**What you need to do:** The copy should hold exactly the lines below from the one that contains "Dr. Martin Henn" through the one that contains "아이폰 XS 실버 색상 판매합니다 상품이미지5" and nothing else, so no pictures.

**Extracted entries:**

= = = = = = =

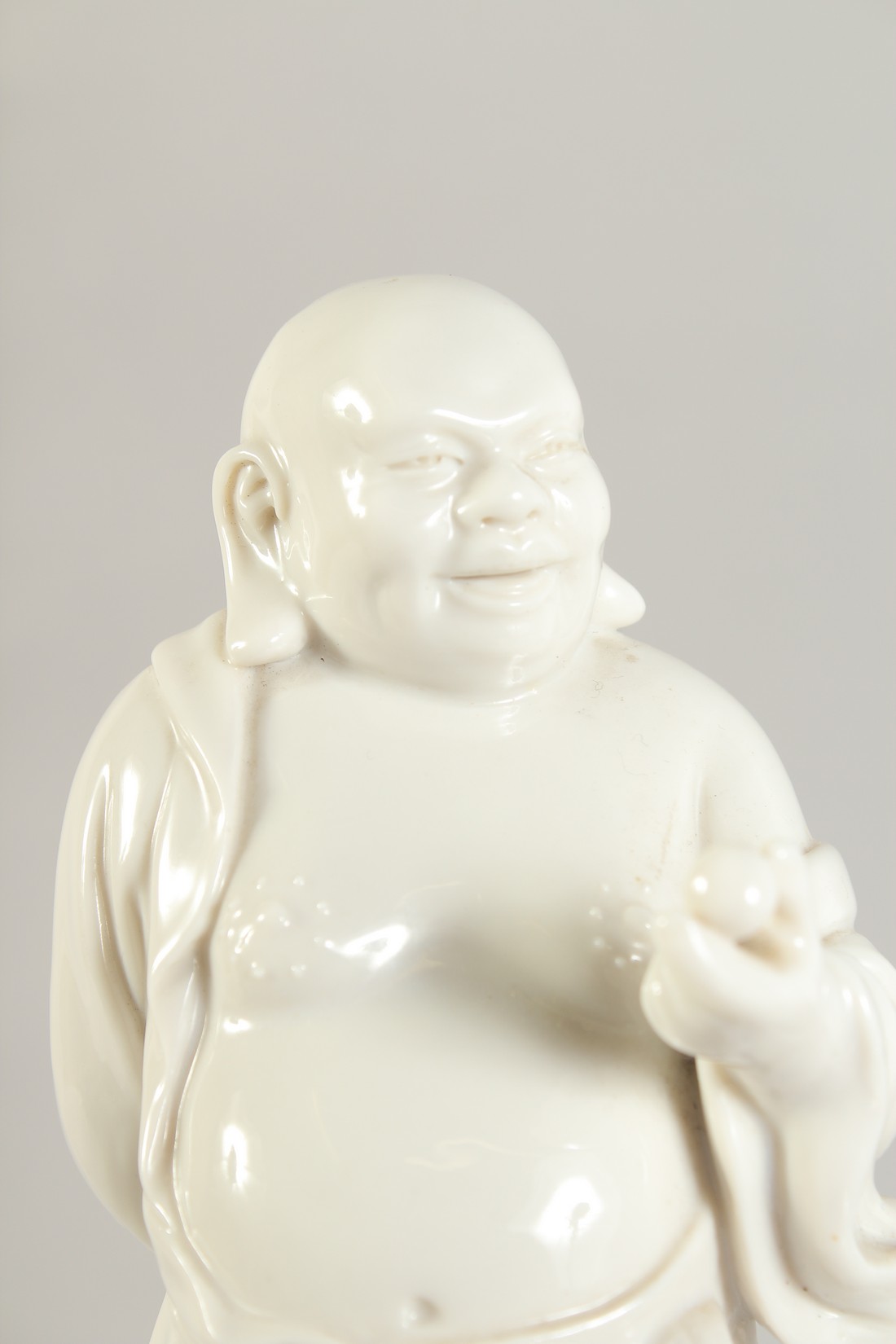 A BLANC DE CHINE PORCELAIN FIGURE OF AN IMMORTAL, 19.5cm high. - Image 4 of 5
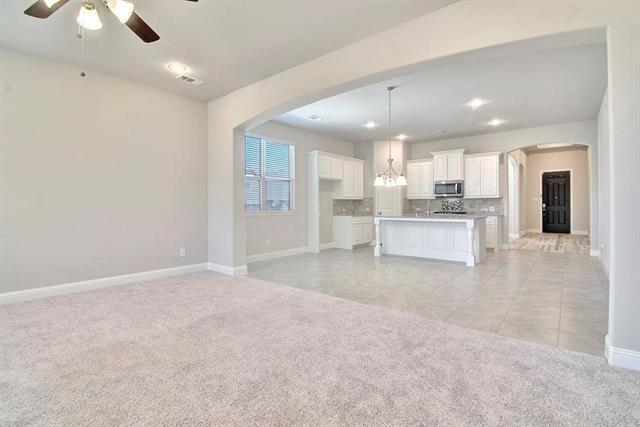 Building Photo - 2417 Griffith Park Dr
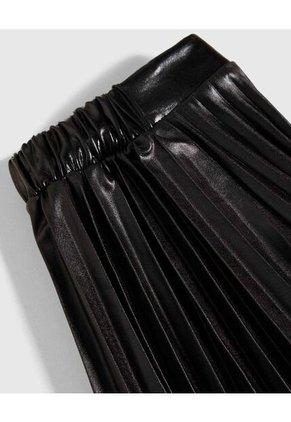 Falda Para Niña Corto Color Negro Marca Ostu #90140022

= = = = = = =

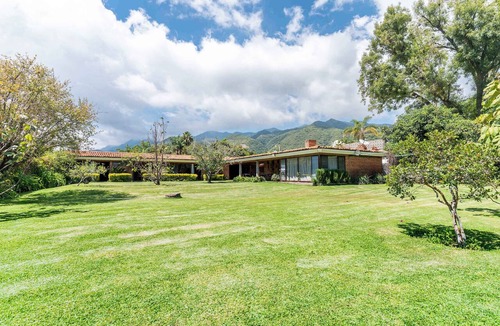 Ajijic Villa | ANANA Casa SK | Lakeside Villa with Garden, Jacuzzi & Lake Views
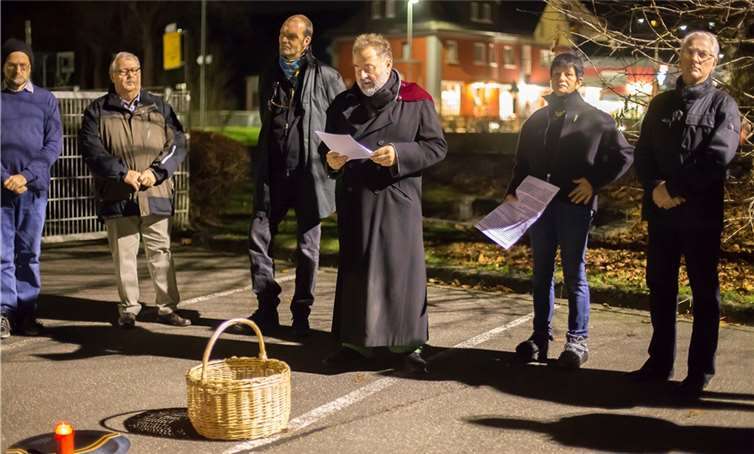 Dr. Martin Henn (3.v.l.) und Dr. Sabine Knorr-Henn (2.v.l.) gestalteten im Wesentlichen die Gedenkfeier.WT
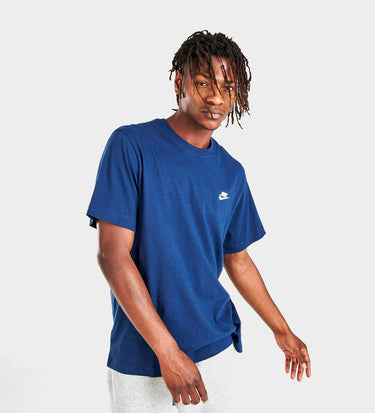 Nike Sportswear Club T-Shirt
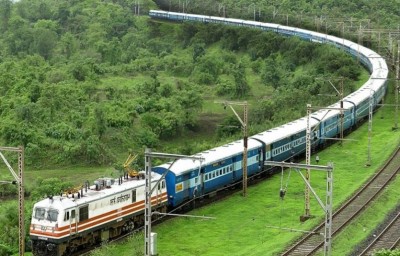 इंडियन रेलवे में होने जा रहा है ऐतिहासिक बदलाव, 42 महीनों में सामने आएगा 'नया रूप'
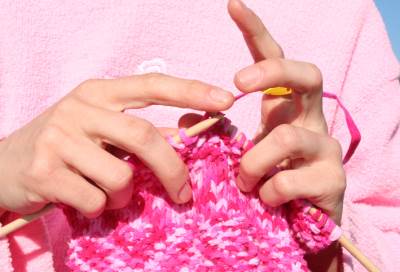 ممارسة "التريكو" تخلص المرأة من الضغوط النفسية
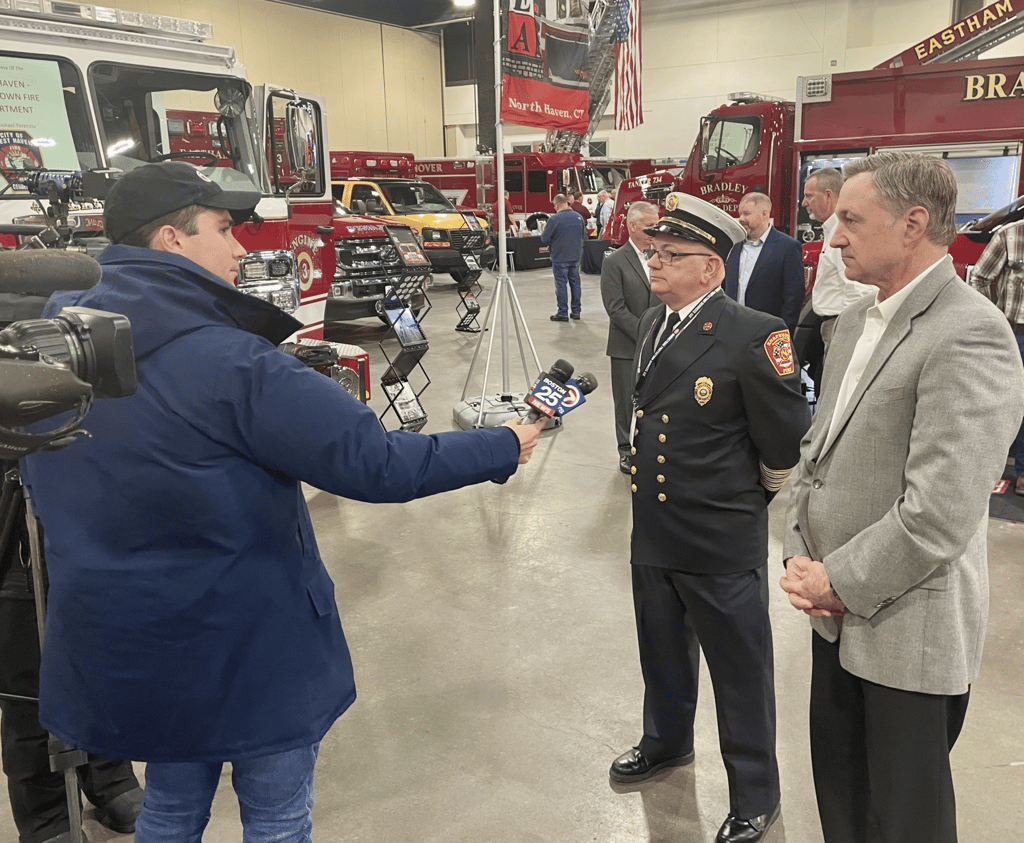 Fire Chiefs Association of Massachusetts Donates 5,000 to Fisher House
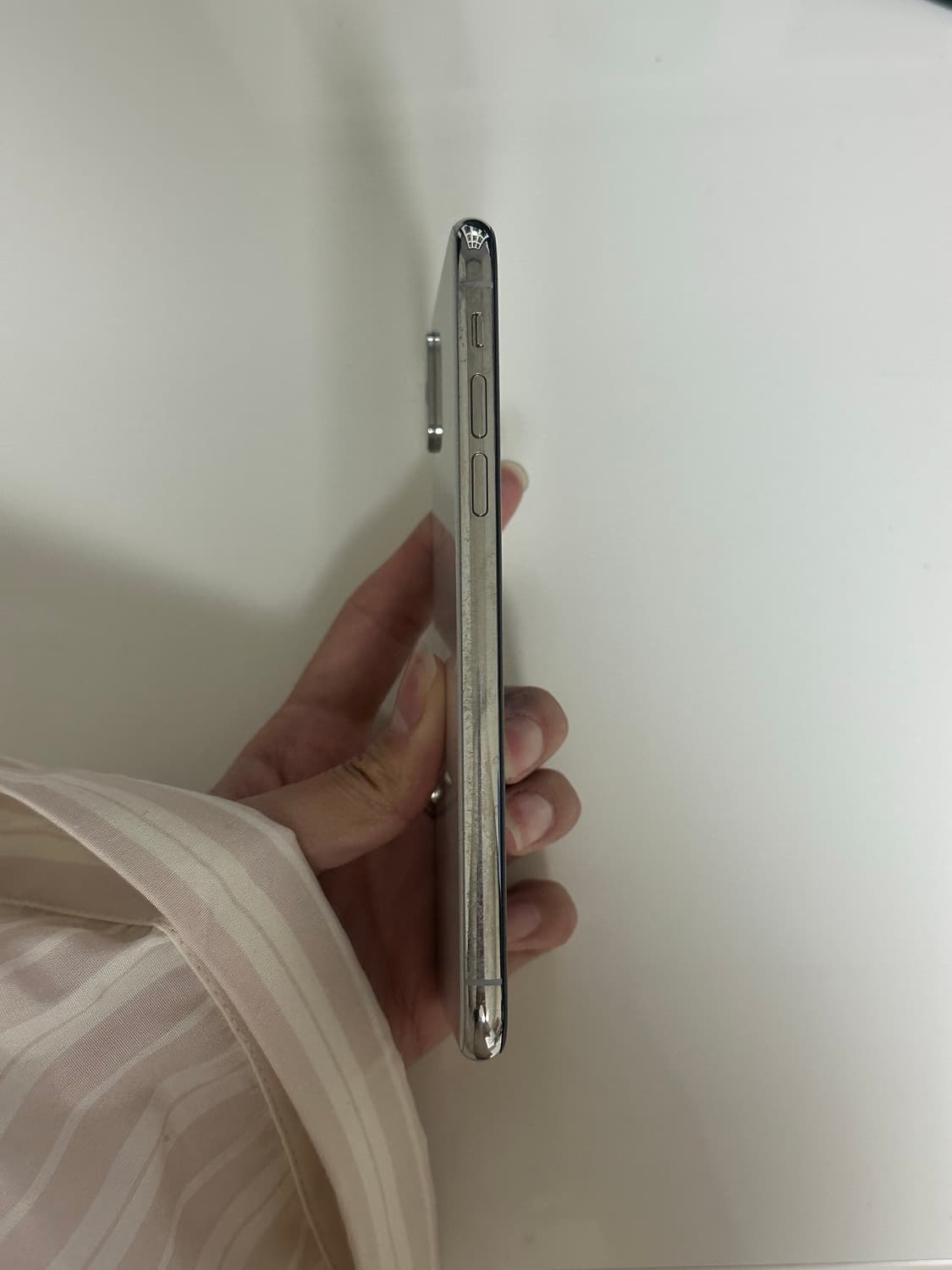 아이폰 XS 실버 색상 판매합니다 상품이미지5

= = = = = = =

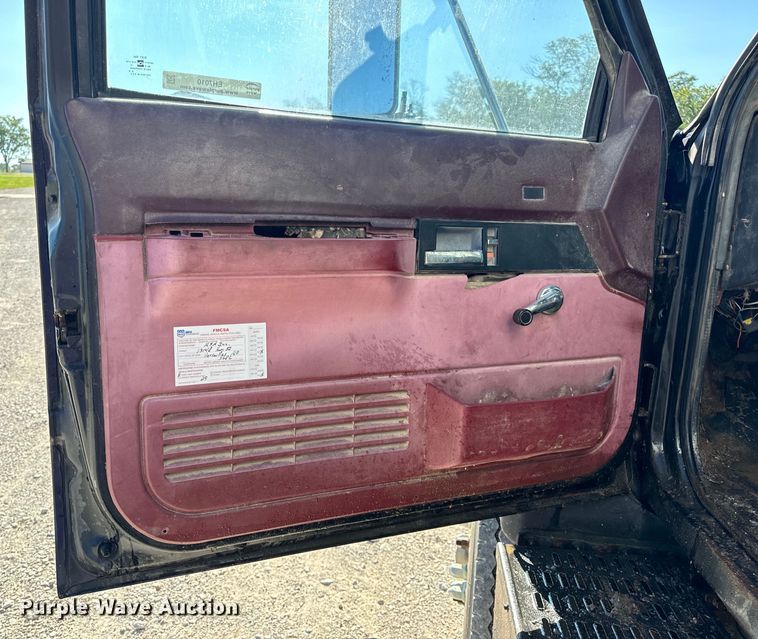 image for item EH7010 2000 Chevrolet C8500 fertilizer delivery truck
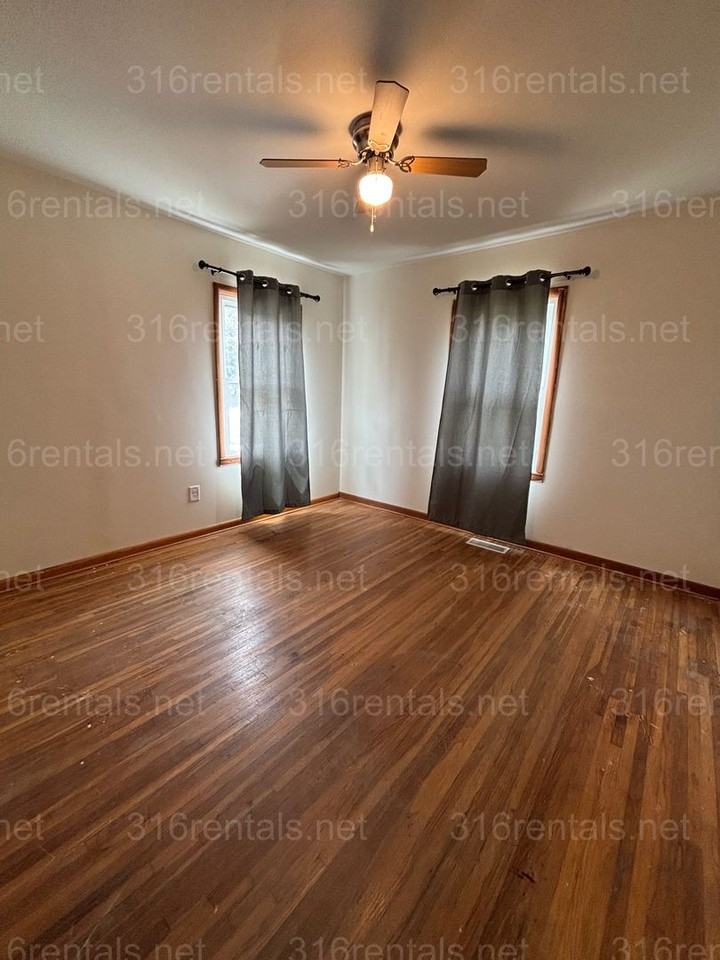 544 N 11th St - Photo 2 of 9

= = = = = = =

**Solution for this exercise:**
 Dr. Martin Henn (3.v.l.) und Dr. Sabine Knorr-Henn (2.v.l.) gestalteten im Wesentlichen die Gedenkfeier.WT
 Nike Sportswear Club T-Shirt
 इंडियन रेलवे में होने जा रहा है ऐतिहासिक बदलाव, 42 महीनों में सामने आएगा 'नया रूप'
 ممارسة "التريكو" تخلص المرأة من الضغوط النفسية
 Fire Chiefs Association of Massachusetts Donates 5,000 to Fisher House
 아이폰 XS 실버 색상 판매합니다 상품이미지5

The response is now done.